Dear Diary, Jan. 3/85
Today was good. Me and mom walked down to Mary's and walked up to the post office. Then I went to auntie Iona's to visit and Stephanie is really sick. Poor kid. Auntie Iona might be pregnant again. We had liver for supper! It was good. Then after supper I went out side to help dad put wood down, he showed me how to chop wood. And he got me so I wouldn't be scared if he threw a piece of wood at me. I mean when we are piling it and he kind of throws it at me then I pile it. School starts on the 7th and my skiing lessons start on the 5th. I get to miss half a day of school on the eleventh. I have to go to the dentist.
See you later.
Today I actually got out my diary and wrote in it. Lately... I have been living from inside my head. I've known about this phenomenon for years. Yet, I still can't seem to stay present. I call it a phenomenon because it is a situation that exists but its cause or explanation is still a question for me.
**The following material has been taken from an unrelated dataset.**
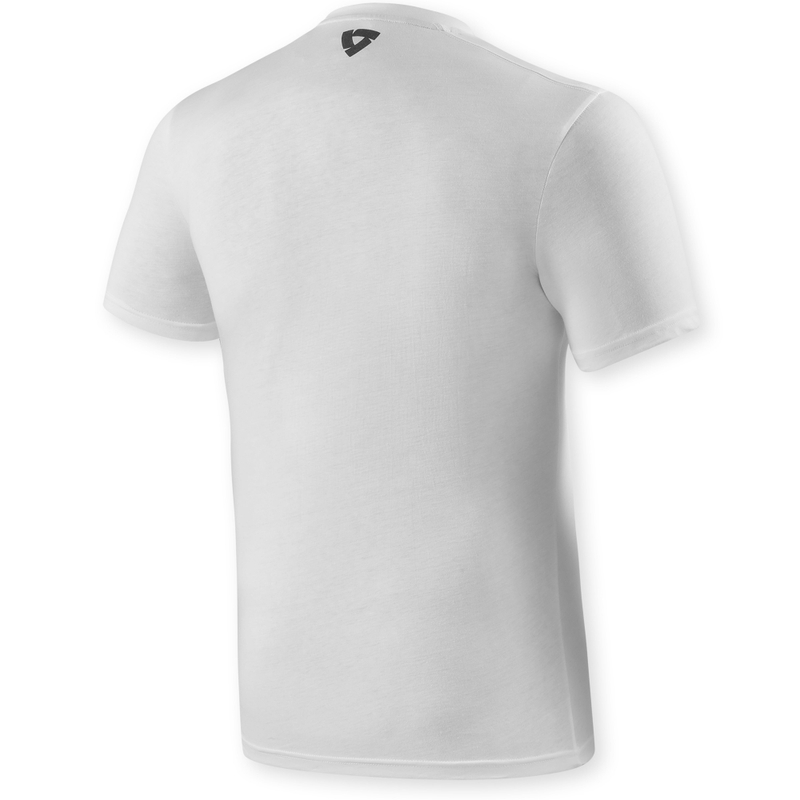 Revit Nico T-Shirt weiß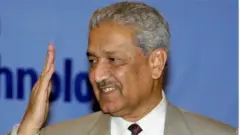 ڈاکٹر عبدالقدیر خان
How and WHY more importantly would anyone want to live their lives according to what that crusty ol' fart has to say in there? So ya, it's a phenomenon for me.
After journalling today and reflecting on all of the 'why the fuck do I do that?'s I came up with a smidgen of clarity.
I don't feel like sharing about the details but just wanted to let anyone else know that they are not alone if they are feeling the same way.
Btw.. My Momma makes THE best liver and onions.